Where is my data stored?
Your data is hosted in secure, U.S.-based Amazon Web Services (AWS) regions. We use encryption in transit (TLS) and at rest, network segmentation, and least-privilege access controls. Production data is isolated from non-production environments, and access is audited.
Is detaso HIPAA compliant?
Yes. detaso is designed and operated to meet HIPAA Security & Privacy Rule requirements, and we will sign a Business Associate Agreement (BAA). Our staff complete recurring HIPAA training, and we maintain documented policies, risk assessments, and technical safeguards (encryption, access control, audit logging).

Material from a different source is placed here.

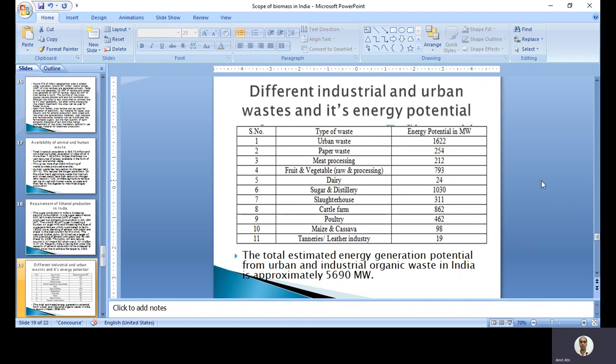Considering different types of industrial and urban waste and their energy potential: urban waste, paper waste, meat processing, food and vegetable processing industries, fruit processing, vegetable processing, dairy, slaughterhouse, cattle farms, poultry, cassava, and even the leather industry - in total they have a potential of producing 5,690 megawatts.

How does login and access work?
Users authenticate with email + password (with optional multi-factor authentication). Access is role-based and least-privileged by default. Admins can manage permissions, enforce MFA, and revoke access instantly.
What browsers and devices are supported?
detaso is web-based—no local install. We support all major modern browsers. If you can run a current browser, you’re good (Windows, macOS, Linux, iPadOS/Chromebook, etc.).
Do you store any data on my computer?
No patient data is stored locally. All PHI remains in our encrypted cloud. Browser storage is limited to functional items (e.g., session tokens) and never includes PHI.
Is my data backed up?
Yes. We perform frequent encrypted backups and maintain cross-region copies. Point-in-time restore is supported.
What’s your uptime and maintenance approach?
We target high availability with multi-AZ redundancy. Updates are rolled out with zero-downtime deployments. Scheduled maintenance is announced in advance via in-app/banner/email.
How long does implementation take?
Most customers are live in 4–8 weeks, including configuration, data migration, and training. Actual timing depends on data complexity, integrations, and training scope.
Can I migrate my data out if we leave?
Yes—your data is your data. We provide structured exports of your records and documents and guide you through a clean handoff. De-provisioning follows a documented process, with validated destruction of residual data after the agreed retention period.
What security controls do you use beyond encryption?
- Network isolation, automated patching, and secrets management
- Role-based access control and optional MFA
- Comprehensive audit logs (user, admin, API) available to admins
- Vulnerability scanning and regular risk reviews
- Principle of least privilege for staff and services
Can detaso be used for just an outpatient therapy clinic?
Yes. Pricing isn’t tied to the number of modules; enable only what you need and add more later.
Does detaso work for developmental preschools and day habilitation?
Yes. detaso supports developmental preschools and adult day habilitation workflows, including attendance, daily progress, and program documentation.
How will detaso help me grow my business?
By improving documentation speed and accuracy, reducing denial risk through clean claims, and giving leaders real-time visibility (dashboards, audit logs, and KPIs). Customers typically see faster time-to-bill, lower rework, and improved collections.
How does detaso web work?
detaso is a secure, multi-tenant web platform. Admins configure locations, users, roles, and permissions. Staff log in through a browser to complete documentation, scheduling, billing, and reporting. Integrations (e.g., clearinghouse, payments) are enabled as needed.
What if we need support?
You’ll have access to our knowledge base, in-app help, and support team. For incidents affecting availability, we provide status updates and post-incident summaries. Priority response options are available on eligible plans.
Can detaso manage all my billing?
Yes! detaso uses a billing clearing house that transmits your billing events, aids in checking benefit eligibility, and pulls back payment files. If you are currently using multiple portals and systems to bill services, you'll be able to simplify to a single source.